One of the four sons of the 5th duke of Beaufort who had held seats in the unreformed parliament, Lord Edward Somerset (as he was known) was a distinguished military officer who had commanded the household brigade of cavalry at Waterloo. He had sat in eight parliaments as a Conservative and follower of Pitt and Lord Liverpool until 1831.
Somerset was appointed surveyor-general of ordnance in December 1834, and shortly afterwards at a local meeting he expressed his support for the construction of the Great Western Railway, promising to give it his ‘utmost parliamentary support’. At the 1835 general election he pledged to uphold ‘the ancient institutions under which the country had acquired honour and prosperity’ and was returned at Cirencester in second place after being challenged by a reformer.
Somerset does not appear to have spoken in the Commons at this period, and did not sit on any select committees or introduce any bills.
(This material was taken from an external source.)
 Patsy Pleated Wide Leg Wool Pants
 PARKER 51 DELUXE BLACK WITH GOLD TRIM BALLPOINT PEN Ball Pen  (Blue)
He supported Charles Manners Sutton for the speakership, 19 Feb. 1835, and voted for the address, 26 Feb. He divided against Lord Chandos’s motion to repeal the malt tax, 10 Mar., and opposed Lord John Russell’s motions on Irish Church temporalities, 2, 7 Apr. He backed Sir William Follett’s attempts to protect the voting rights of freemen from the operation of the Municipal Corporations Act, 23 June, 16 July.
In the following session he opposed Spring Rice’s resolution for the abolition of church rates, 15 Mar., 23 May 1837, and divided against the third reading of the Irish municipal corporations bill, 11 Apr. He had been mentioned as a future candidate for West Gloucestershire in December 1835, but retired at the 1837 general election.